• [TASK DIRECTIONS]:
Please output only the lines running from the one that contains "Junto al Gabinete" through the last line of the data below, exactly as they stand, with no pictures.

• [EXCERPTED RECORDS]:
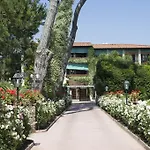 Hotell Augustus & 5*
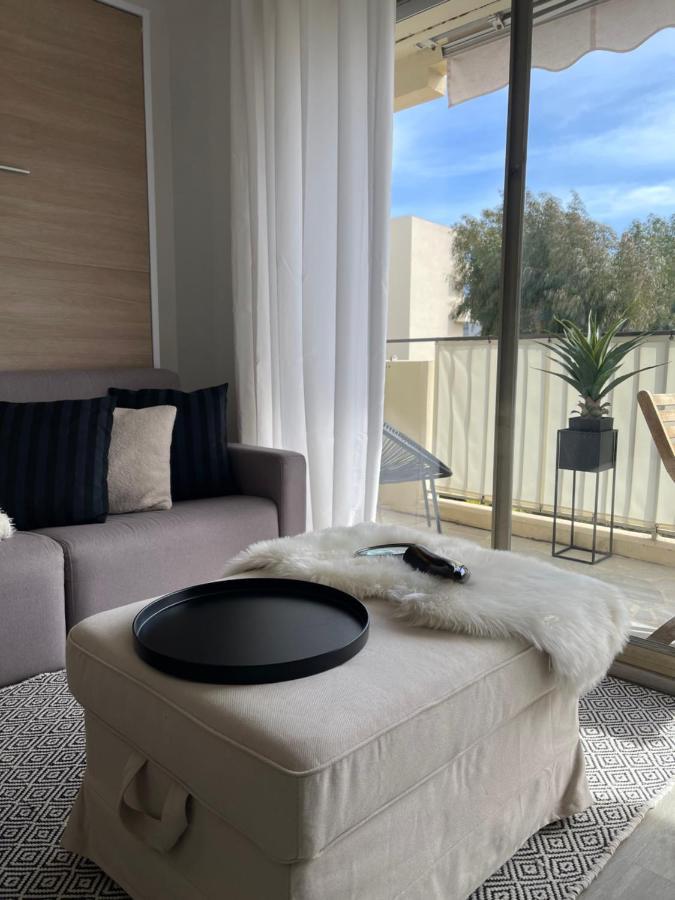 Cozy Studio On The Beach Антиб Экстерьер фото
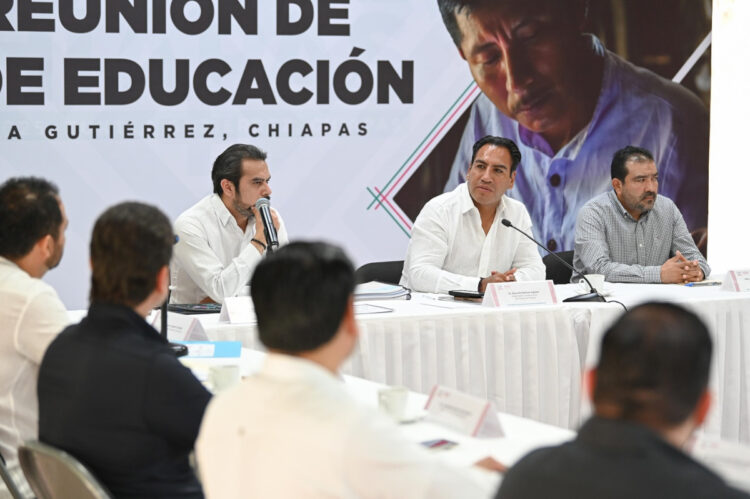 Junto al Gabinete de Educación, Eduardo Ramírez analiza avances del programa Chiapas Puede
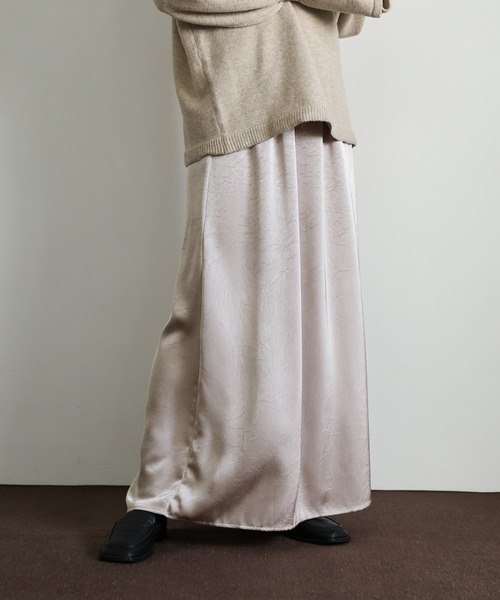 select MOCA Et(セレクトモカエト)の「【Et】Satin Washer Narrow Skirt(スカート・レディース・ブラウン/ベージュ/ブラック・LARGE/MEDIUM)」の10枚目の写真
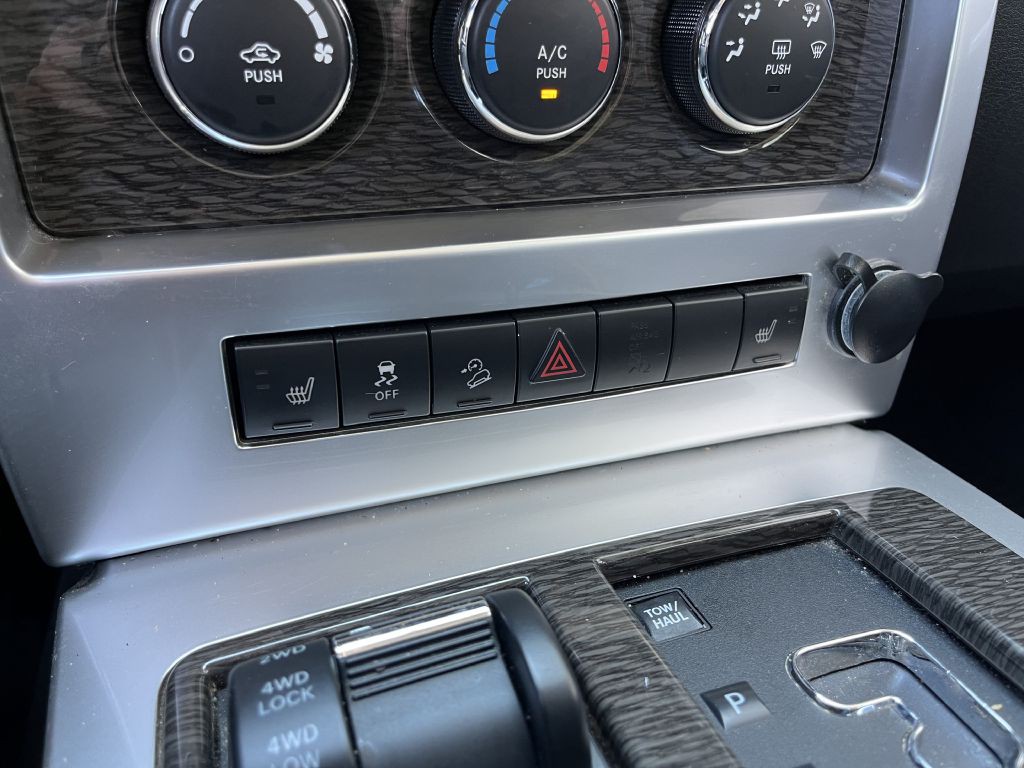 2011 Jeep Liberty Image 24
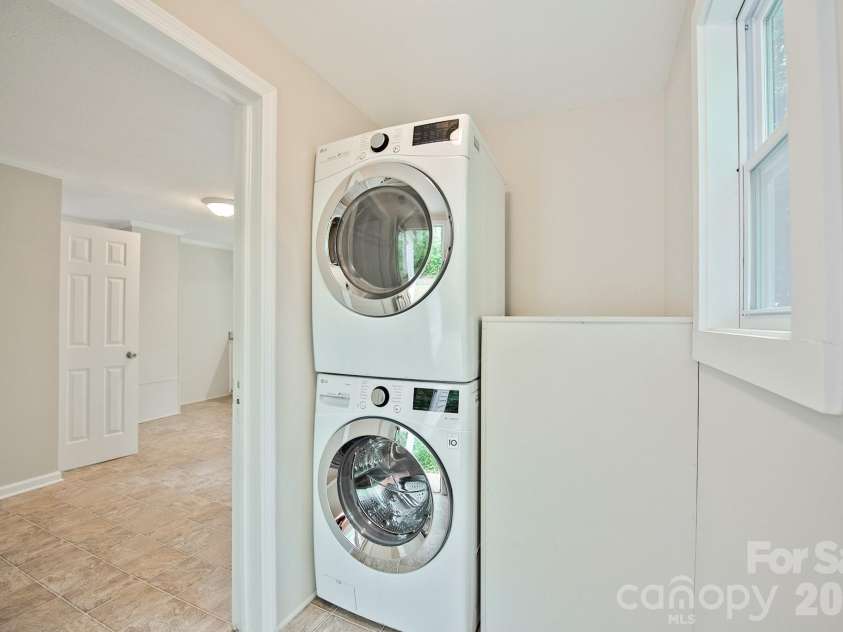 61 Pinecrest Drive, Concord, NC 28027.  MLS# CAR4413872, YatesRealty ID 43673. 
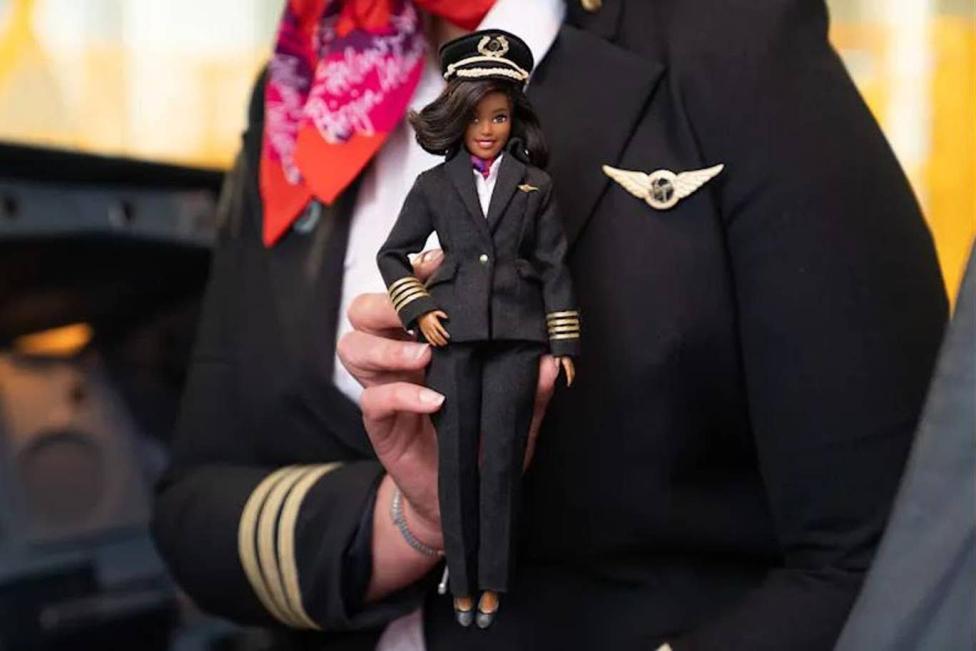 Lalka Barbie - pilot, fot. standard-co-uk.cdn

• [RESPONSE TO THE TASK]:
 Junto al Gabinete de Educación, Eduardo Ramírez analiza avances del programa Chiapas Puede
 select MOCA Et(セレクトモカエト)の「【Et】Satin Washer Narrow Skirt(スカート・レディース・ブラウン/ベージュ/ブラック・LARGE/MEDIUM)」の10枚目の写真
 2011 Jeep Liberty Image 24
 61 Pinecrest Drive, Concord, NC 28027.  MLS# CAR4413872, YatesRealty ID 43673. 
 Lalka Barbie - pilot, fot. standard-co-uk.cdn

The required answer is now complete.